Set down, exactly and only, everything from the line containing "Lamont's - Smiths Beach - Tourism Brisbane" down to the line containing "Agnes Water QLD 4677" in the data below; the pictures are not part of the copy.

TASK DATA
::::

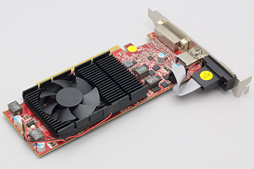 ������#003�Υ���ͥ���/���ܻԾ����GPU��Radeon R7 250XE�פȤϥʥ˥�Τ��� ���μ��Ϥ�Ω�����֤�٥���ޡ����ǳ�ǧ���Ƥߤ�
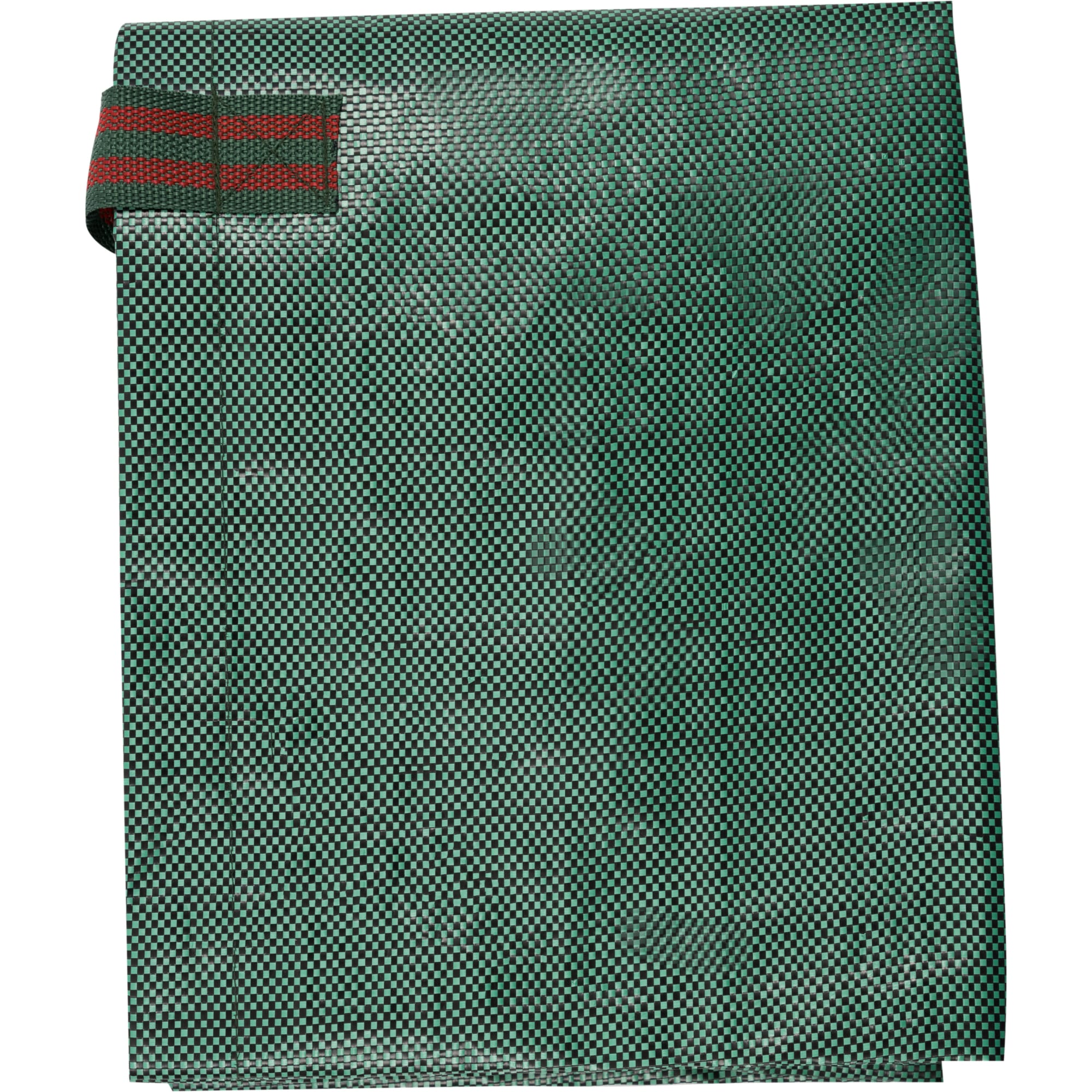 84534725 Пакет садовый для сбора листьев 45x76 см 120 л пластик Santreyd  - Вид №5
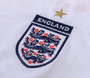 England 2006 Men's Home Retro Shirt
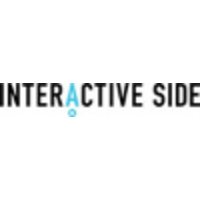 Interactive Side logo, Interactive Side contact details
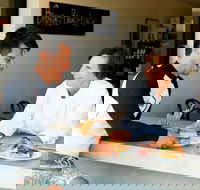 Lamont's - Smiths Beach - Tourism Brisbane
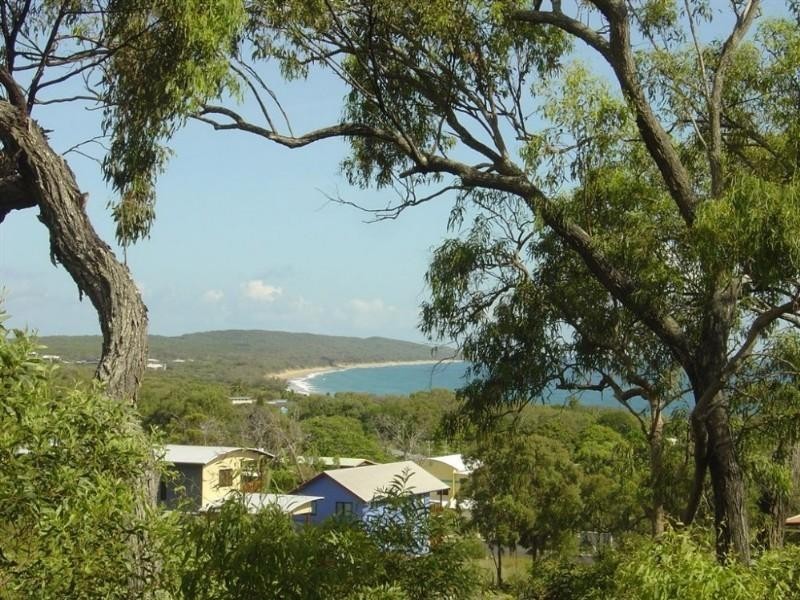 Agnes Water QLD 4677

::::

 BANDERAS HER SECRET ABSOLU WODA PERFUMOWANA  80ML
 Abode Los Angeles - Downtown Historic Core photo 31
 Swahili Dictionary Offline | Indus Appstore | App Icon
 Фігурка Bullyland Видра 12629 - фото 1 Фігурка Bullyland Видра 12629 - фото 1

::::

REPLY
 Lamont's - Smiths Beach - Tourism Brisbane
 Agnes Water QLD 4677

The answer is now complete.